March is Multiple Myeloma Awareness Month, a time that calls attention to this cancer of the plasma cells, which are infection-fighting white blood cells found largely in bone marrow. About 160,000 patients around the globe are diagnosed with multiple myeloma each year, and roughly 106,000 people die of the disease. The arrival of immunotherapies for treating multiple myeloma and other blood cancers has led to longer periods of remission and improved rates of survival for patients. Yet the five-year survival rate for multiple myeloma in the United States is about 58 percent, indicating that many patients would benefit from new approaches to treating this disease.

One emerging class of therapies that could help fill that role is a group of novel drugs called bispecific antibodies (BsAbs). Last year, the U.S. Food and Drug Administration approved the first BsAb for multiple myeloma, called teclistamab (Tecvayli), which is available to patients who have failed on multiple previous treatments. Teclistamab has also been granted conditional authorization in the European Union, meaning that it can be prescribed, but its maker must produce more evidence that it’s effective and safe. Other BsAbs for multiple myeloma are in development.

Bispecific antibodies add to the growing number of immunotherapies for cancer. That includes CAR T-cell therapy, which has helped revolutionize the treatment of multiple melanoma and other blood cancers. In CAR T-cell therapy, a patient’s protective T cells are harvested and re-engineered in a lab to have certain receptors. The cells are then increased in volume to millions of cells and reinfused back into the patient. While CAR T-cell therapy has improved survival in patients with advanced multiple myeloma, it’s a complex and challenging procedure, which has limited its use.

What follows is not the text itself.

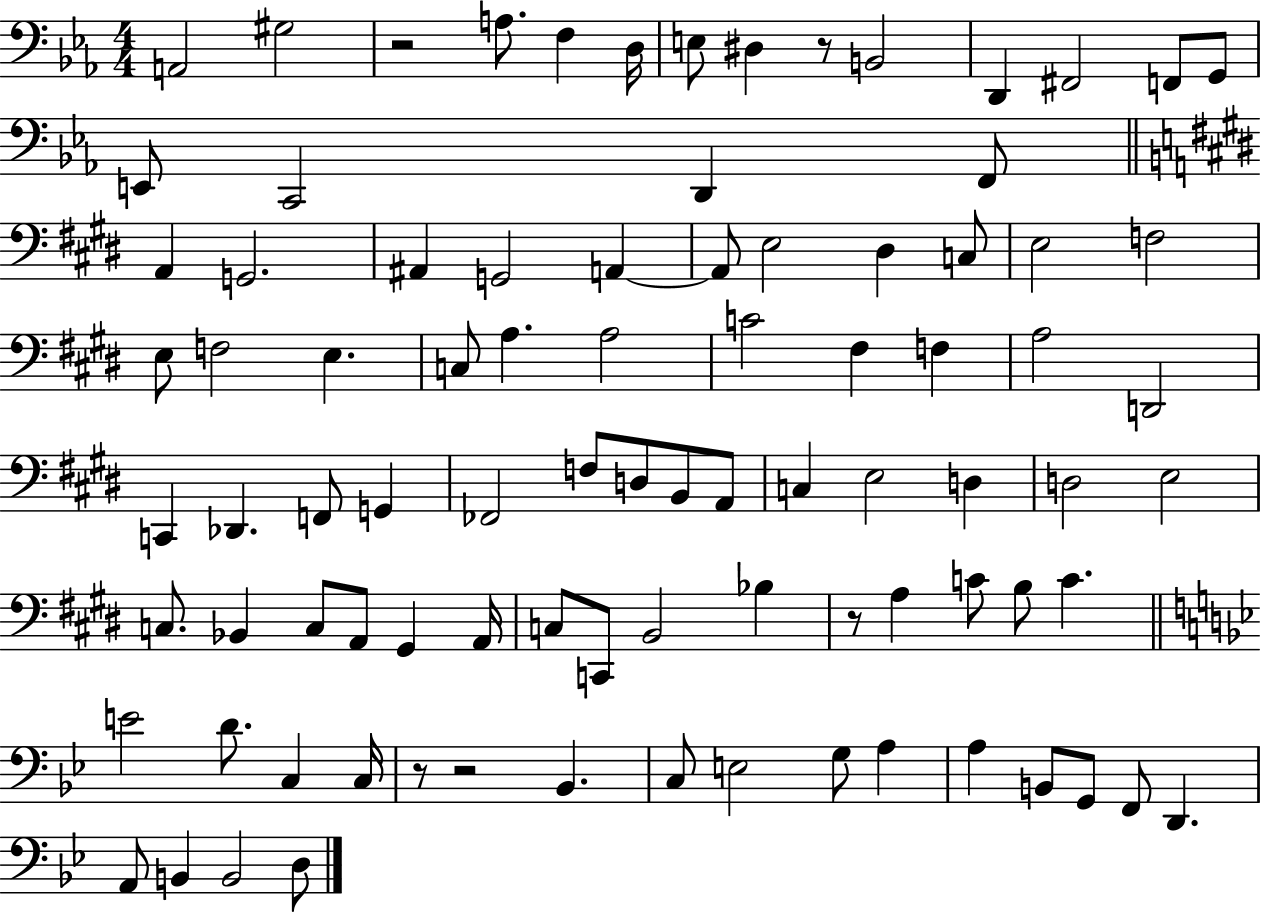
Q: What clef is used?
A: bass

Bispecific T-cell antibodies work two ways to attack malignant tumors. These drugs stimulate the immune system to fight cancer by targeting a protein called CD3 on T cells. But they also target proteins on multiple myeloma cells. This dual action creates a kind of bridge between the cancer cell and T cell, drawing them together, which ultimately causes the malignant cell to self-destruct.

Several forms of CAR T-cell therapy for multiple myeloma work in a similar way, but bispecific antibodies have an advantage, since they’re available “off the shelf,” with no need to harvest and re-engineer a patient’s T cells. On the other hand, CAR T-cell therapy requires a one-time infusion, while teclistamab must be injected weekly.   

With more BsAbs likely on the way, some doctors and patients will soon be faced with decisions to make about optimizing therapy. For example, the FDA has granted Breakthrough Therapy status to a BsAb called talquetamab. This designation is intended to expedite the development and review of drugs that are intended to treat a serious condition and have promising preliminary clinical evidence they offer a significant improvement over currently available treatments. Other BsAbs for multiple myeloma are in the pipeline.